Estela Olga Blaisten-Barojas is a chemical physicist whose research involves the modeling and computational simulation of elemental and molecular clusters. Educated in Argentina and France, she has worked in Mexico and the US, where she is a professor of computational physics and chemistry at George Mason University.

==Education and career==
Blaisten-Barojas studied physics at the National University of Tucumán in Argentina, graduating in 1964. She then went to France for graduate study in theoretical molecular physics at Pierre and Marie Curie University, receiving a doctorat de troisième cycle (equivalent to a master's degree) in 1970 and completing her Ph.D. in 1974.

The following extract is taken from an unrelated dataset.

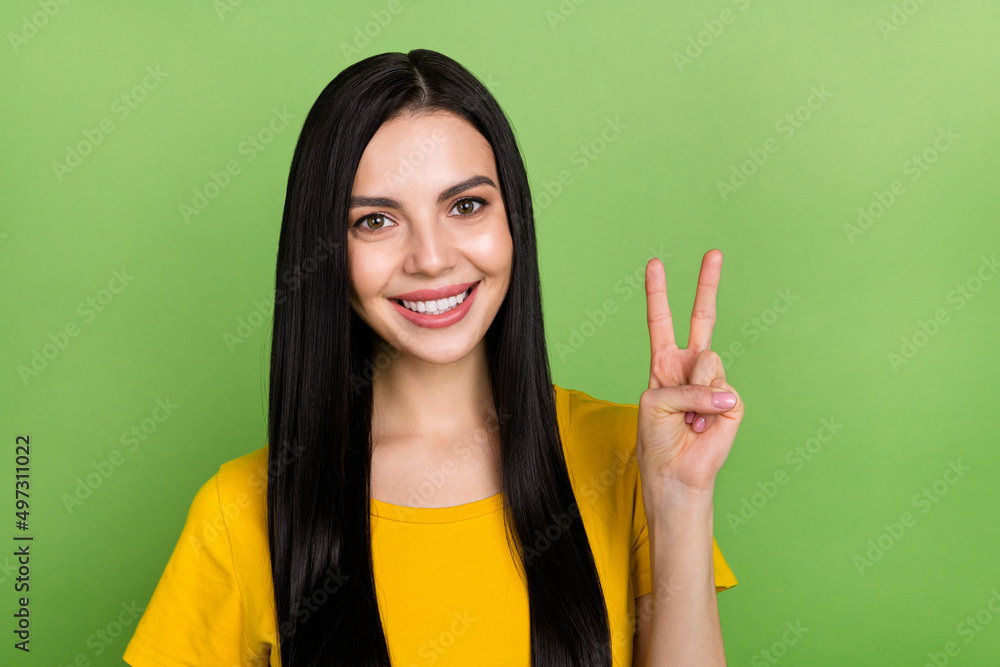 Photo of charming shiny lady dressed yellow t-shirt showing v-sign gesture isolated green color background Photo of charming shiny lady dressed yellow t-shirt showing v-sign gesture isolated green color background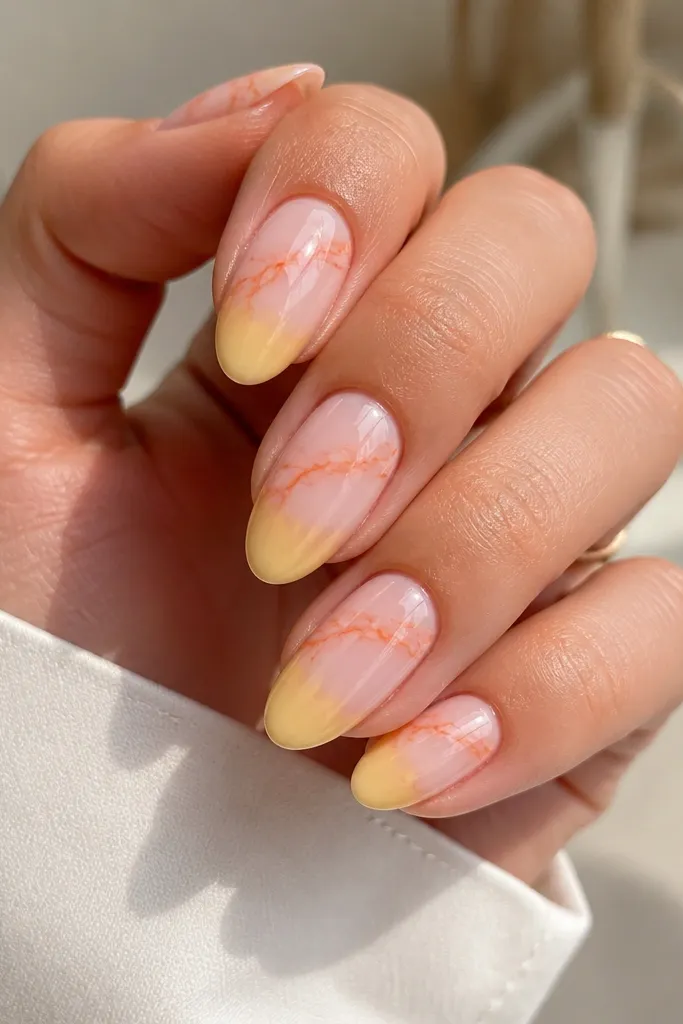Medium almond nails. The base is milky pink marble, orange veins run mostly across the top half, and the tips are painted yellow with a soft edge.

Next, she joined the National Autonomous University of Mexico as an assistant professor of physics in 1975. She was promoted there to associate professor in 1978 and full professor in 1981. In 1992 she moved to her present position as professor in the Department of Computational and Data Sciences and Department of Chemistry and Biochemistry at George Mason University in the US. Since 2006 she has directed the Center for Simulation and Modeling at George Mason. From 2009 to 2010 she went on leave to work as a program director in chemistry at the National Science Foundation.

==Recognition==
Blaisten-Barojas has been a member of the Mexican Academy of Sciences (Physics Section) since 1980. She was elected as a Fellow of the American Physical Society (APS) in 2006, after a nomination from the APS Division of Computational Physics, "for pioneering work in the computational simulation of atomic and molecular clusters including significant advances in the understanding of the structure and other important properties of nanoscale systems".